Reports of Tyson vs Holyfield III were just one of them. Both did fight again but in very different ways. Tyson drew with Roy Jones Jr. as Holyfield faced UFC star Vitor Belfort.

Initially, Holyfield moved on from Tyson to his conqueror, Kevin McBride. However, the whole event fell apart when postponed only for Triller not to reschedule.

Holyfield then took on Belfort. He was dropped, humbled, and sent packing in defeat.

It was a far cry from when the two-weight undisputed champion defeated Tyson himself twice, once during the infamous “Bite Fight” in 1997.

His legacy will live on but has a dent in it that is visible because YouTube videos never die.

Evander Holyfield legacy

But Holyfield is the only professional fighter to win the heavyweight championship four separate times, surpassing the record of Muhammad Ali, who won it three times.

After a standout amateur and Olympic boxing career, Holyfield turned professional.
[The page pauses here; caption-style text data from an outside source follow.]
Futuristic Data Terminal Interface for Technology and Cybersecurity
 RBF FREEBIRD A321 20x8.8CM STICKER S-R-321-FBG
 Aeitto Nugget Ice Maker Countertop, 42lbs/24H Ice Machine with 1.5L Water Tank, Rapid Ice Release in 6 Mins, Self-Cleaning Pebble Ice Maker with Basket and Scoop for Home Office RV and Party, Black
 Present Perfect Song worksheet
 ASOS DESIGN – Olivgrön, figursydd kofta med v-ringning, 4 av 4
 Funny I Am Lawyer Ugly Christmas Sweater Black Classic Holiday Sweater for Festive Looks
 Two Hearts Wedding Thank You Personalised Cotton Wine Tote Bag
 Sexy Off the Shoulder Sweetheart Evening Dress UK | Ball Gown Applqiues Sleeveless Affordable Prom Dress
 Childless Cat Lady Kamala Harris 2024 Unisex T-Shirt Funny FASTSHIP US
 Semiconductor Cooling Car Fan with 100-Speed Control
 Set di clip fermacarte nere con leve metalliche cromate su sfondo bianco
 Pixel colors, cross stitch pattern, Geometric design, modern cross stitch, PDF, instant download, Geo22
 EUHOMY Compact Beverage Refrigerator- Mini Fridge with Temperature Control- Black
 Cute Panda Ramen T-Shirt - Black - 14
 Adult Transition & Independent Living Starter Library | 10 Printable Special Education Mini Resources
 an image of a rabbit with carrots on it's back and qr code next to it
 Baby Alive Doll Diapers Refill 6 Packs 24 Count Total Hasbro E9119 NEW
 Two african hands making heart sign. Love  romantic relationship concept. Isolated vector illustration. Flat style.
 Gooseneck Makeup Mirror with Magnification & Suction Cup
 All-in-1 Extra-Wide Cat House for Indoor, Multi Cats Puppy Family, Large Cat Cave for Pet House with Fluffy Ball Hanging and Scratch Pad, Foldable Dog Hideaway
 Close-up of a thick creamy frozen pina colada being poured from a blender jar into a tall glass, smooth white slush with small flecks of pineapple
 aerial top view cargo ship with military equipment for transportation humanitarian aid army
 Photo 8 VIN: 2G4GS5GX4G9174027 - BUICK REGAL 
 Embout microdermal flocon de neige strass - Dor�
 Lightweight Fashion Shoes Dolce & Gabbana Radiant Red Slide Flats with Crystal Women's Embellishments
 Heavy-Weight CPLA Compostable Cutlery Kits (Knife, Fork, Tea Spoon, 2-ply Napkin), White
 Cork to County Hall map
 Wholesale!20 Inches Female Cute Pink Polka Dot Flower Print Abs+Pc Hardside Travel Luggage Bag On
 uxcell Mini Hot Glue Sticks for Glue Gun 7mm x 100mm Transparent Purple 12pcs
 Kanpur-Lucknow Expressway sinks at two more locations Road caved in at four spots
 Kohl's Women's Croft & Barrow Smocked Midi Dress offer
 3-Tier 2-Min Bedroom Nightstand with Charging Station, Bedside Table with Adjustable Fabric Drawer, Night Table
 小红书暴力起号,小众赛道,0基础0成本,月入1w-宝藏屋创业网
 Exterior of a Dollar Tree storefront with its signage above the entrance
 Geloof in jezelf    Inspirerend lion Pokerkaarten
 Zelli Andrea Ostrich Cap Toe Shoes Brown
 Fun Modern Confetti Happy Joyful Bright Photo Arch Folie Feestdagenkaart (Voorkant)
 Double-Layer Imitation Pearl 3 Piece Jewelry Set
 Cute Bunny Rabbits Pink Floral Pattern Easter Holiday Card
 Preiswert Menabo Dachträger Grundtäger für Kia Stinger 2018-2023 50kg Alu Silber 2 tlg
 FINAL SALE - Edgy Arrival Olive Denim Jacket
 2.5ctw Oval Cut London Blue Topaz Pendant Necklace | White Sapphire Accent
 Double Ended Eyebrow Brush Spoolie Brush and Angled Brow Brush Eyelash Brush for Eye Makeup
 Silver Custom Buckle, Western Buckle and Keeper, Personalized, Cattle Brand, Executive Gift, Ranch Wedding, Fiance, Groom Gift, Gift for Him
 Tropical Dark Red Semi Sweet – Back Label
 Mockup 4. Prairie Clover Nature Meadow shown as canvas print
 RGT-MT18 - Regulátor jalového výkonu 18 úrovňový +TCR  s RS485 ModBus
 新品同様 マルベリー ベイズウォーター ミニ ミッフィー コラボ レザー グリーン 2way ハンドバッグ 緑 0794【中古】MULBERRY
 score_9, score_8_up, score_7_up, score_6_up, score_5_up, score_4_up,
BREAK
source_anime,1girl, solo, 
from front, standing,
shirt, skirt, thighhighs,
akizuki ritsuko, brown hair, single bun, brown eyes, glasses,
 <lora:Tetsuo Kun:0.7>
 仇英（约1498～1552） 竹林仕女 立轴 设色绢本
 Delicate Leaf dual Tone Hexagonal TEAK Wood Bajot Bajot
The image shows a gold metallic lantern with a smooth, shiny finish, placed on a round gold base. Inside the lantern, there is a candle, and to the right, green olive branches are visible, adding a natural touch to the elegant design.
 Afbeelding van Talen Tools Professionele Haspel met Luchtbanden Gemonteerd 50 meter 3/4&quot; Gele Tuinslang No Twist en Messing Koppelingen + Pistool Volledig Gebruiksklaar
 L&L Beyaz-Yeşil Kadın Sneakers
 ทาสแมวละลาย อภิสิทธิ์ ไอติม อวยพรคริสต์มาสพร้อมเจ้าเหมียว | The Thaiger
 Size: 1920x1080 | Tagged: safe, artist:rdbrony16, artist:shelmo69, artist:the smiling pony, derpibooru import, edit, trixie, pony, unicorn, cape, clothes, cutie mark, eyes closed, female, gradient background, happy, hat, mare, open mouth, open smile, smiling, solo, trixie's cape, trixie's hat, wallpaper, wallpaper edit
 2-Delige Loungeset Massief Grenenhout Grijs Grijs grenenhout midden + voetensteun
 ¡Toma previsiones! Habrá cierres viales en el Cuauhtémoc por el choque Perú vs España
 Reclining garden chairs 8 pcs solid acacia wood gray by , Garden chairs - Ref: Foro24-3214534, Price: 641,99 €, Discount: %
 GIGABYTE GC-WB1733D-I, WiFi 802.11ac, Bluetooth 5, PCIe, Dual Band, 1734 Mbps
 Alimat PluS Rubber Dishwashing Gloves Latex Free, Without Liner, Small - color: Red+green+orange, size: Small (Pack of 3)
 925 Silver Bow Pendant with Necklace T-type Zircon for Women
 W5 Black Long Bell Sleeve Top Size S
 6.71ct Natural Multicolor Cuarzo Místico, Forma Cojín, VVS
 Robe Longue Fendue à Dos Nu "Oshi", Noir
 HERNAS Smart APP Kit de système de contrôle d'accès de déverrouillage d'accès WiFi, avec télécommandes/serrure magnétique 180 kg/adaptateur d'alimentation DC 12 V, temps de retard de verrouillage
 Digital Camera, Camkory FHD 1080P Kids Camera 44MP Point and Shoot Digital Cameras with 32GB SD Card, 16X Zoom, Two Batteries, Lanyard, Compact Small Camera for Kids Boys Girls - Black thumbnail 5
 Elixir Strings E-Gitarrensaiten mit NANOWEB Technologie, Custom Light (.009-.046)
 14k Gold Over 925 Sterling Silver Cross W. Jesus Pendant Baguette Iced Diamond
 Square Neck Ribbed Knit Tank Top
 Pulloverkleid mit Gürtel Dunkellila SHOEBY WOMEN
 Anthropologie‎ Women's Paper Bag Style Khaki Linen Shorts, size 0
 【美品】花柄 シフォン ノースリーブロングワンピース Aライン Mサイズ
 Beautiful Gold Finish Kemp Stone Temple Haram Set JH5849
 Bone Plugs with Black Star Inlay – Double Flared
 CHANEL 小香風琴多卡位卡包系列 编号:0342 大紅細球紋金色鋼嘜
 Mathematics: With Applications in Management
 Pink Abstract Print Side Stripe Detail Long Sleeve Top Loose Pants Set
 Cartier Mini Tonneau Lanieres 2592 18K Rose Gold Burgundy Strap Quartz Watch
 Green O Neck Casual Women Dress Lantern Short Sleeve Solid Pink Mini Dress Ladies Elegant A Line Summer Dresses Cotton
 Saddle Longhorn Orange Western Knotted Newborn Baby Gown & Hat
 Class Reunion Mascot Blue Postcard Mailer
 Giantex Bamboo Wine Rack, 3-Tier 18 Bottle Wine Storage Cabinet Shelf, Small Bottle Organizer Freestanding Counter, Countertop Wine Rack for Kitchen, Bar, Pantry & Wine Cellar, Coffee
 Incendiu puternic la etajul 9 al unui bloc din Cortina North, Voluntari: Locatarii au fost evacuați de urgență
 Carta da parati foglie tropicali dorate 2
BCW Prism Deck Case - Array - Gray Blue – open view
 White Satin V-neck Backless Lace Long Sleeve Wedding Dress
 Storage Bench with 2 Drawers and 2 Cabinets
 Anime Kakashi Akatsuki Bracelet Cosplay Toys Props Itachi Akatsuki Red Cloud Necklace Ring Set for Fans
In 1986, he won the junior heavyweight title by upsetting World Boxing Association (WBA) champion Dwight Muhammad Qawi in a 15-round split decision.

In April 1988, with an eighth-round knockout of Carlos DeLeon, Holyfield became boxing’s first undisputed cruiserweight champion. Three months later, he fought his first heavyweight bout, knocking out James Tillis in five rounds.

On October 25, 1990, he scored a third-round knockout of James “Buster” Douglas to win the undisputed heavyweight title of the WBA, the World Boxing Council (WBC), and the International Boxing Federation (IBF).

After successful defenses against former champions George Foreman and Larry Holmes, Holyfield lost the title on November 13, 1992. He dropped a twelve-round decision to Riddick Bowe.

A rematch with Bowe one year later, he recaptured the WBA and IBF titles in another decision.

Holyfield met heavyweight champion Mike Tyson in a much-anticipated WBA bout on November 9, 1996. Holyfield scored a TKO in the 11th round, becoming the heavyweight champion for the third time.

He regained the IBF title by knocking out Michael Moorer in the eighth round of their November 8, 1997 rematch.

Heavyweight title

Fighting Lennox Lewis twice, once in a controversial draw and defeated in the other, Holyfield regained the heavyweight crown for the final time nine months later.

“The Quiet Man” John Ruiz was beaten in March 2001 by Holyfield in the first of three contests between the pair.

He retired in 2014 despite not competing for three years with 44 wins (29 by knockout), ten losses, and two draws.

Holyfield was inducted into the International Boxing Hall of Fame in 2017.

Four years later, at age 58, Holyfield made his astonishing comeback to action on Triller a decade after his last fight.

It didn’t work out, and should warn others considering a similar move.